1 journaler for this copy...

Journal Entry 1 by wingCaroleywing from Birmingham, West Midlands United Kingdom on Friday, January 08, 2010

This book has not been rated.

1001 books
Olive Wellwood is a famous writer, interviewed with her children gathered at her knee. For each of them she writes a separate private book, bound in different colours and placed on a shelf. In their rambling house near Romney Marsh they play in a story-book world - but their lives, and those of their rich cousins, children of a city stockbroker, and their friends, the son and daughter of a curator at the new Victoria and Albert Museum, are already inscribed with mystery. Each family carries their own secrets.
Into their world comes a young stranger, a working-class boy from the potteries, drawn by the beauty of the Museum’s treasures. And in midsummer a German puppeteer arrives, bringing dark dramas. The world seems full of promise but the calm is already rocked by political differences, by Fabian arguments about class and free love, by the idealism of anarchists from Russia and Germany. The sons rebel against their parents’ plans; the girls dream of independent futures, becoming doctors or fighting for the vote.
This vivid, rich and moving saga is played out against the great, rippling tides of the day, taking us from the Kent marshes to Paris and Munich and the trenches of the Somme. Born at the end of the Victorian era, growing up in the golden summers of Edwardian times, a whole generation were heading for the darkness ahead; in their innocence, they were betrayed unintentionally by the adults who loved them. 
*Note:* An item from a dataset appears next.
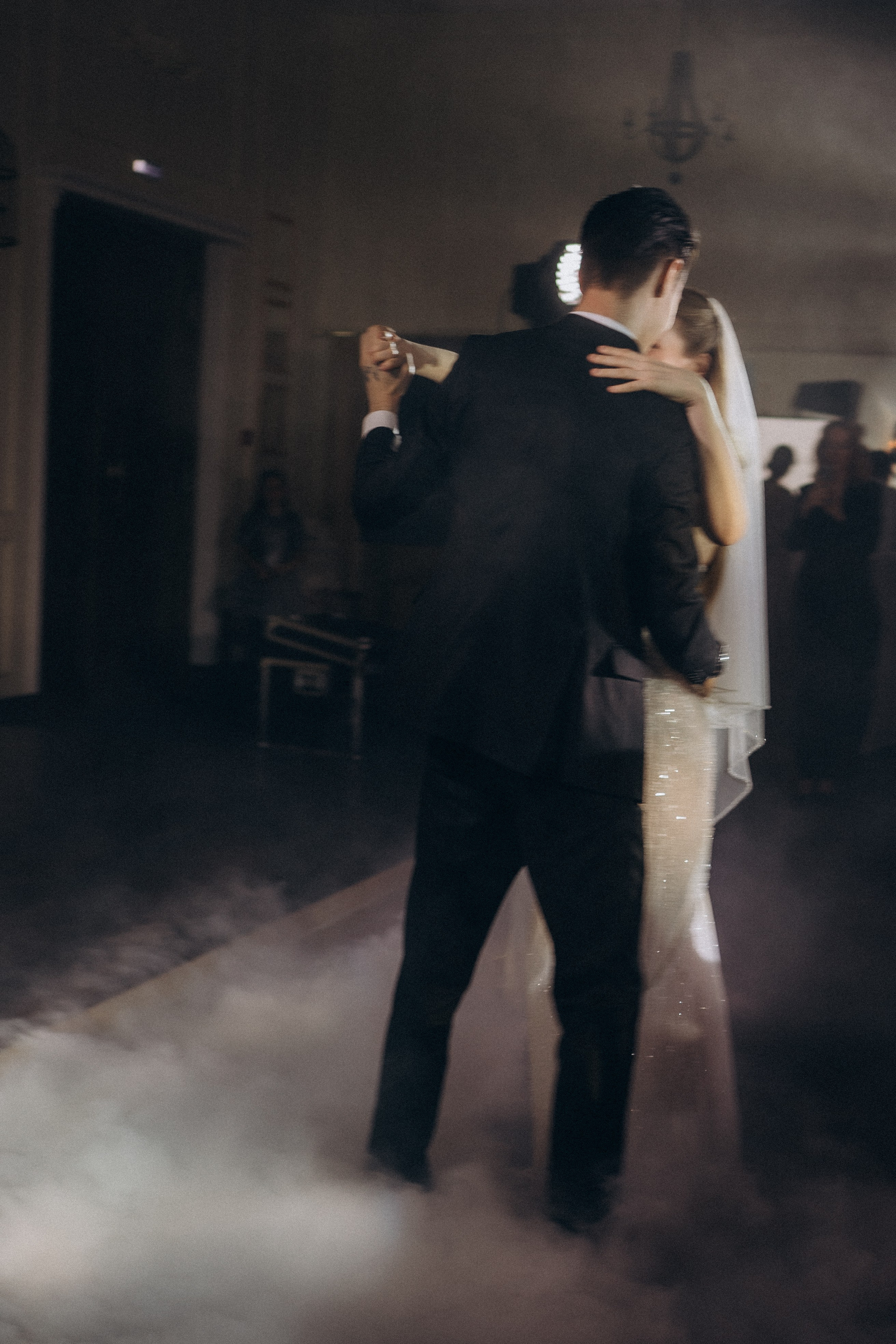 СВАДЕБНАЯ СЬЕМКА СБОРОВ В ОТЕЛЕ И ВЫЕЗД НА ЦЕРЕМОНИЮ (СНЯТО В СИБИРЕ В НИЖНЕВАРТОВСКЕ). Профессиональный фотограф, Санкт-Петербург — Виктория Богомолова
Journal Entry 2 by wingCaroleywing at Birmingham, West Midlands United Kingdom on Monday, July 05, 2010

This book has not been rated.

I've just spent the last four days completely obsessed with this book. It is huge. The print is small. It's a slow read. And I've been completely unable to put it down. Four days. My husband has given up trying to make conversation.
I've just finished it. I'm gobsmacked by it's beauty and elegance. By the intricate way the stories were woven round the history that was unfolding at the turn of the century. Then, as the years crept towards 1914, I knew what was coming and I was anticipating it and dreading it at the same time. She pulled no punches and I've read the last few chapters close to tears. Ok, WW1 stories always get to me, but I was so wrapped up in these characters that I took each incident personally.
I always feel sad when I finish a good book, but I feel emotionally torn this time. I've watched these people grow up and lived their lives with them over the last few days and now it's gone. I'm gutted.